▸ WHAT YOU ARE ASKED TO DO:
In the entries below, find the line containing "this 480×360 image.". Write out that line and all lines after it, exactly, and nothing else.

▸ DATA TO EXAMINE:
※ ※ ※
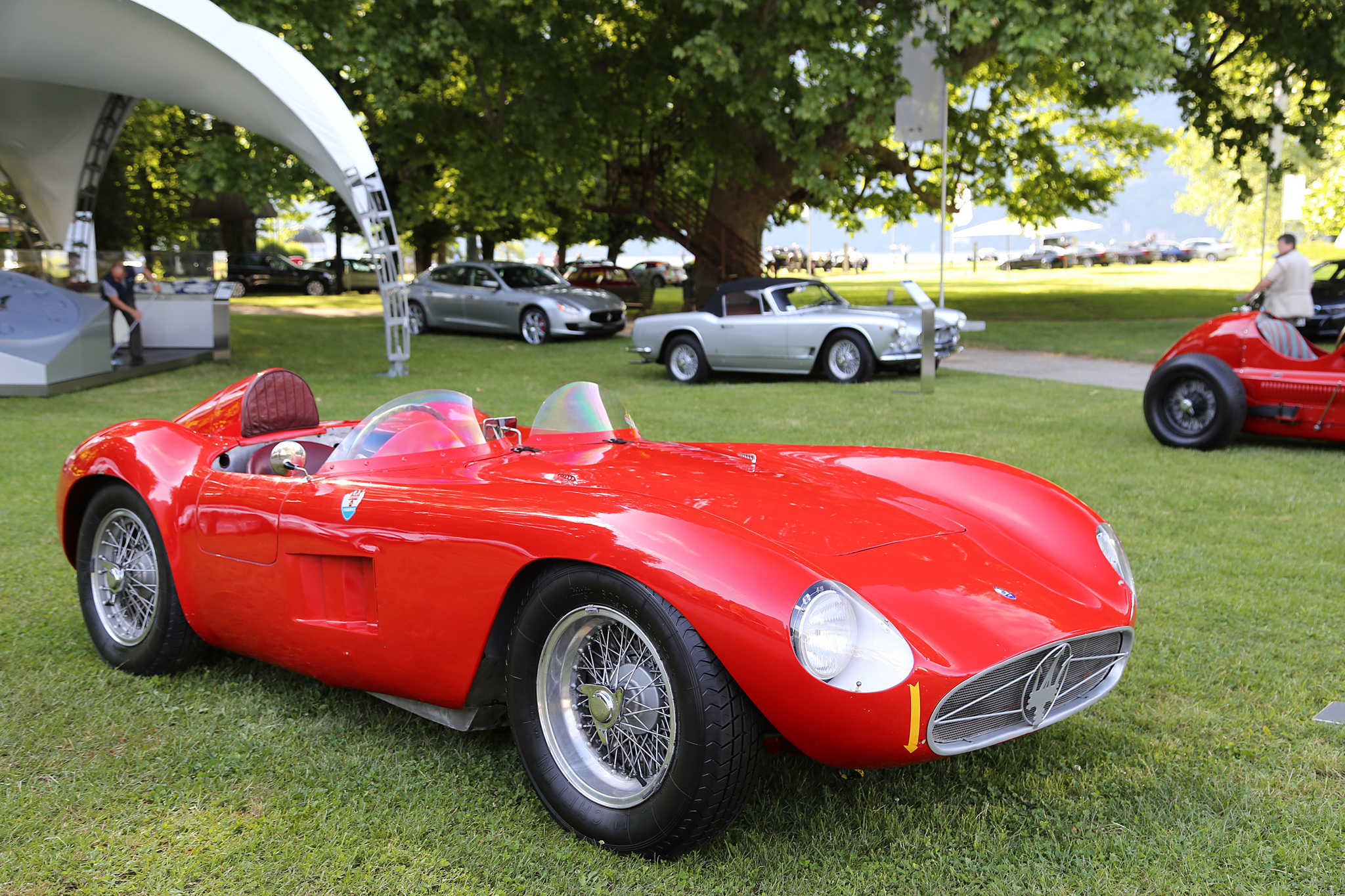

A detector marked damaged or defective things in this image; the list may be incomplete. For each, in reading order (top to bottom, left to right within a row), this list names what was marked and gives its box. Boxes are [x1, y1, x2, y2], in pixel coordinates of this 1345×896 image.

exposed black tire [406, 299, 428, 334]
exposed black tire [664, 333, 710, 381]
exposed black tire [823, 331, 877, 384]
exposed black tire [1145, 349, 1248, 448]
exposed black tire [74, 483, 207, 672]
exposed black tire [506, 564, 764, 859]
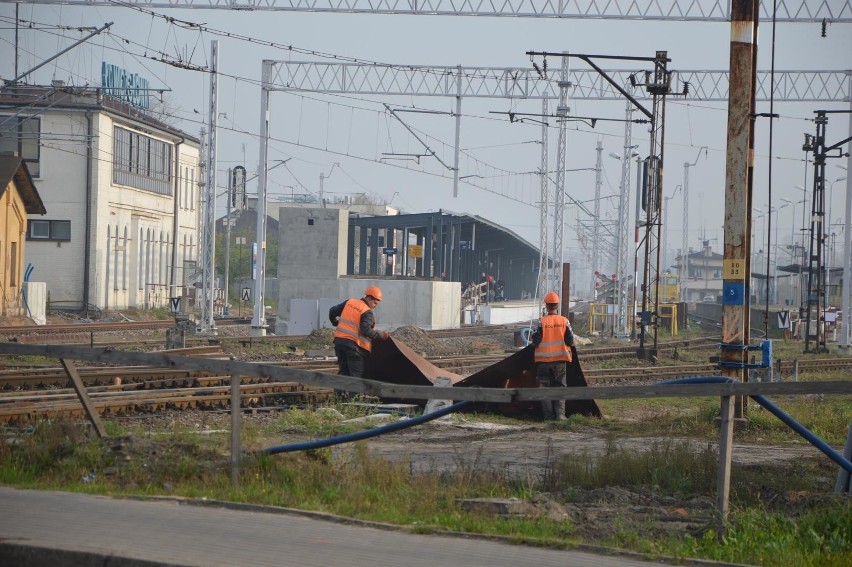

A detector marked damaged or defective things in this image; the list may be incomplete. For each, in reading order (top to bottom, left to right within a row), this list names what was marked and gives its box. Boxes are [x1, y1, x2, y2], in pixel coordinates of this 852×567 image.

rusty metal pole [716, 0, 756, 420]
rusty steel sheet [362, 340, 462, 388]
rusty steel sheet [366, 338, 600, 422]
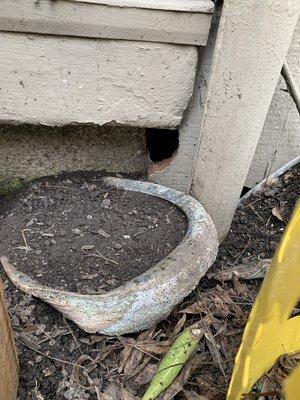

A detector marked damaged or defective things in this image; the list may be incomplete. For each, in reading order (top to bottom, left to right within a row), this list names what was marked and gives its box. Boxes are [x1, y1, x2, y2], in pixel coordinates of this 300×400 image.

damaged wood siding [0, 33, 197, 129]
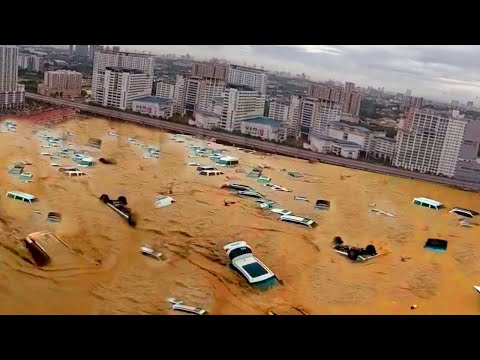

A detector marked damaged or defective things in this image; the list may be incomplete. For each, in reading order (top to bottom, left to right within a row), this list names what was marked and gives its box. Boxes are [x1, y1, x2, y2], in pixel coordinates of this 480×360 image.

overturned car [99, 194, 137, 225]
overturned car [330, 236, 378, 262]
overturned car [223, 242, 280, 290]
※ ※ ※
▸ YOUR SOLUTION:
A detector marked damaged or defective things in this image; the list may be incomplete. For each, in reading order (top to bottom, left to right within a row), this list names what was marked and gives its box. Boxes are [x1, y1, x2, y2], in pixel coordinates of this 480×360 image.

overturned car [99, 194, 137, 225]
overturned car [330, 236, 378, 262]
overturned car [223, 242, 280, 290]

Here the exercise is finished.